Work required. From the records below, please print only the lines from the one containing "Dashin 2pcs beige" through the one containing "Arguments pour la", both included. Skip the pictures.

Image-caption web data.
++++
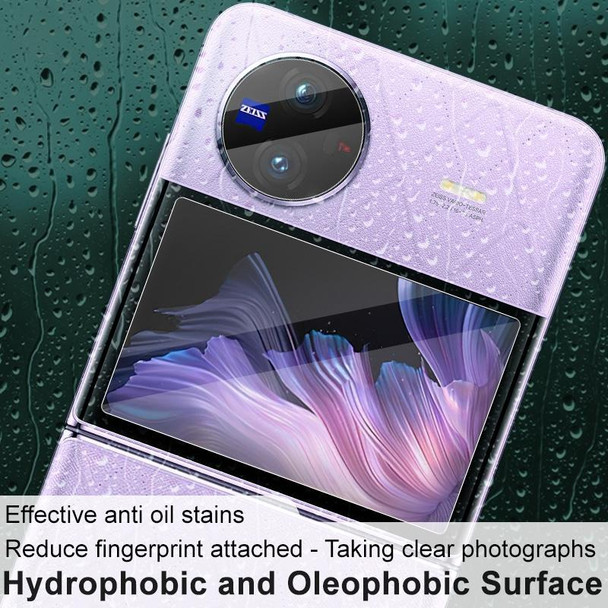 For vivo X Flip 1 Sets imak Tempered Glass Rear Camera Protection Ring + Glass Rear Screen Sticker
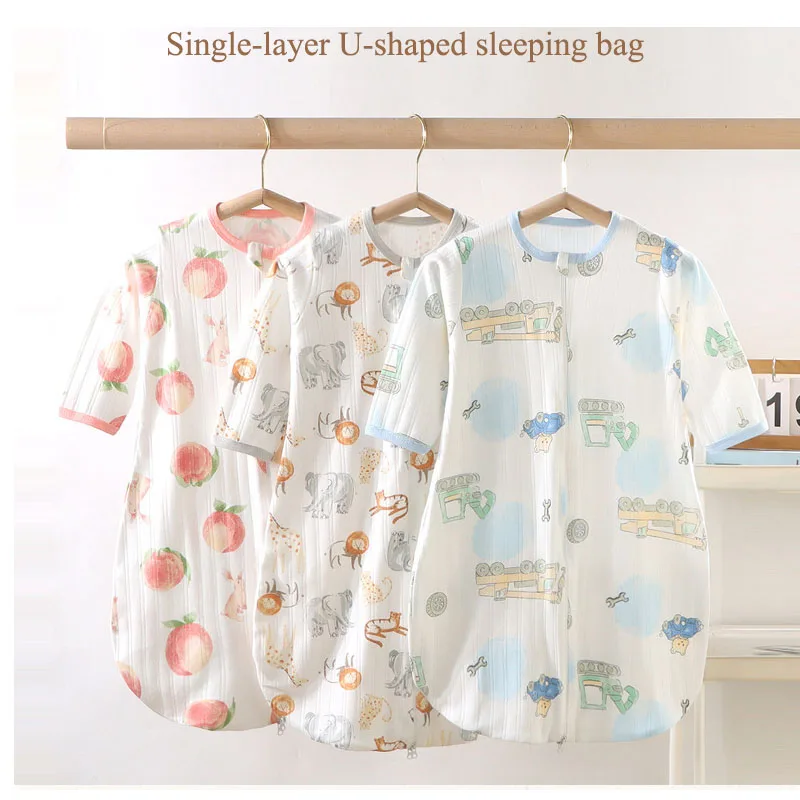 

Детский спальный мешок 80-100 см с короткими рукавами и мультяшным принтом, противоударная одежда, двусторонняя молния, свободная, удобная, четыре сезона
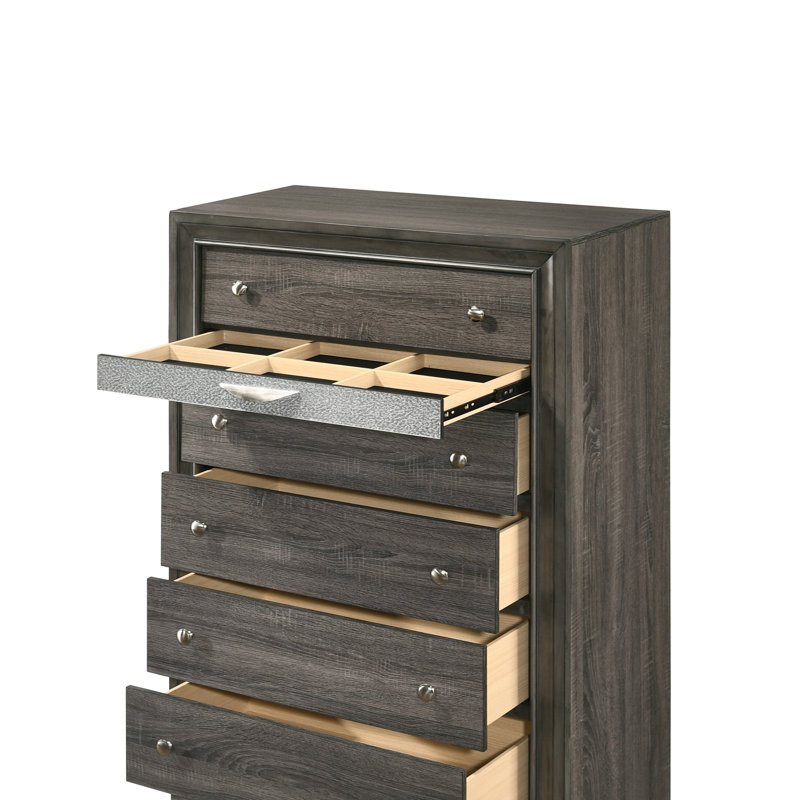 Tiroir texturé, commode de finition, Gris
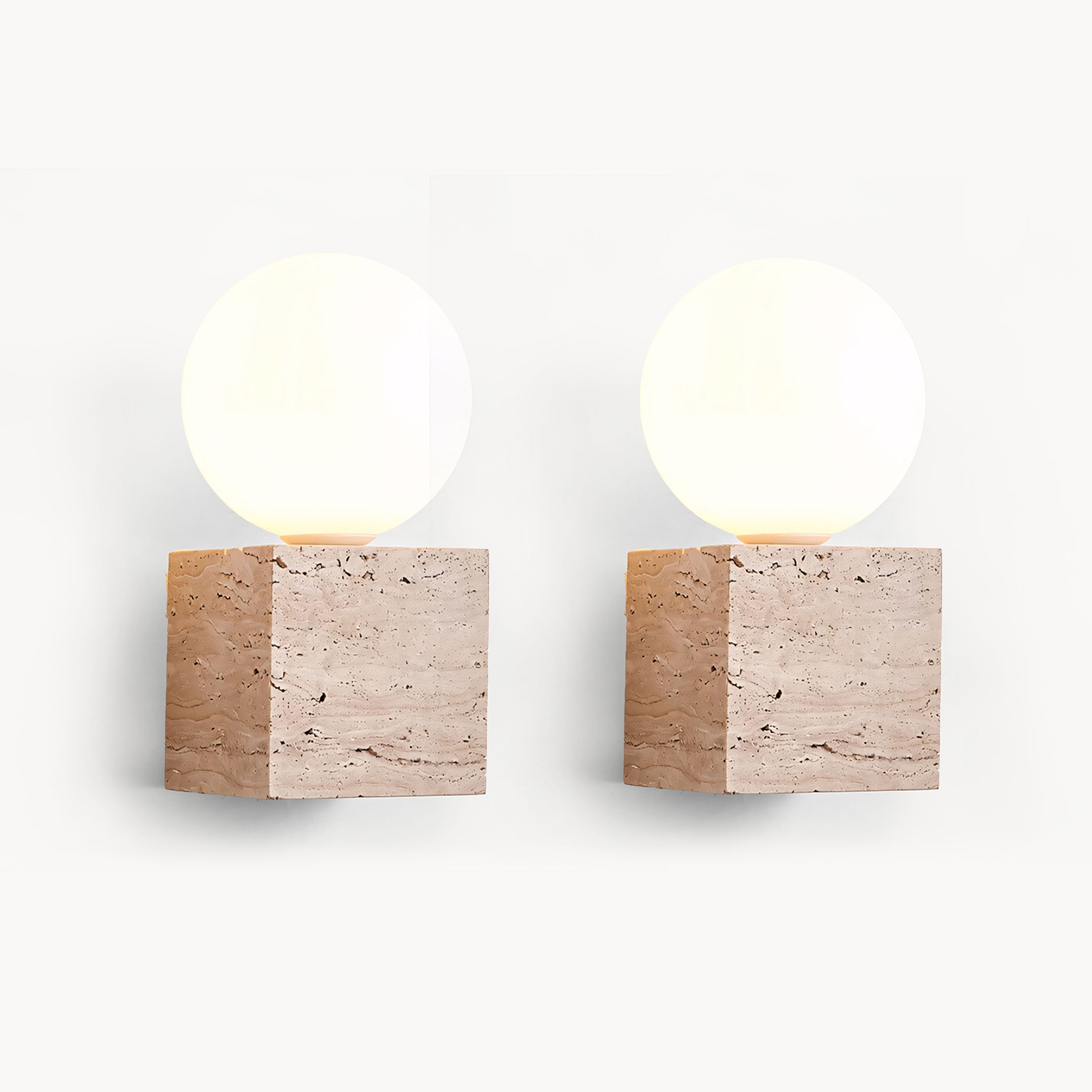 Dashin 2pcs beige travertine wall lights bedside lights
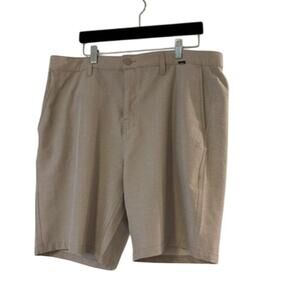 Hurley Dri Breathe Shorts Size 38 Mens Hybrid Flat Front Beige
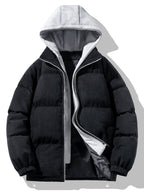 Men's Corduroy Hooded Puffer Jacket – Warm Padded Winter Outerwear
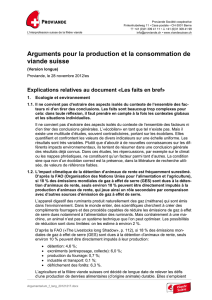 Arguments pour la production et la consommation de viande suisse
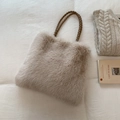 Plush apricot faux fur tote bag with brown woven leather handles for winter - Khaki No Pendant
++++
Result for this exercise.
 Dashin 2pcs beige travertine wall lights bedside lights
 Hurley Dri Breathe Shorts Size 38 Mens Hybrid Flat Front Beige
 Men's Corduroy Hooded Puffer Jacket – Warm Padded Winter Outerwear
 Arguments pour la production et la consommation de viande suisse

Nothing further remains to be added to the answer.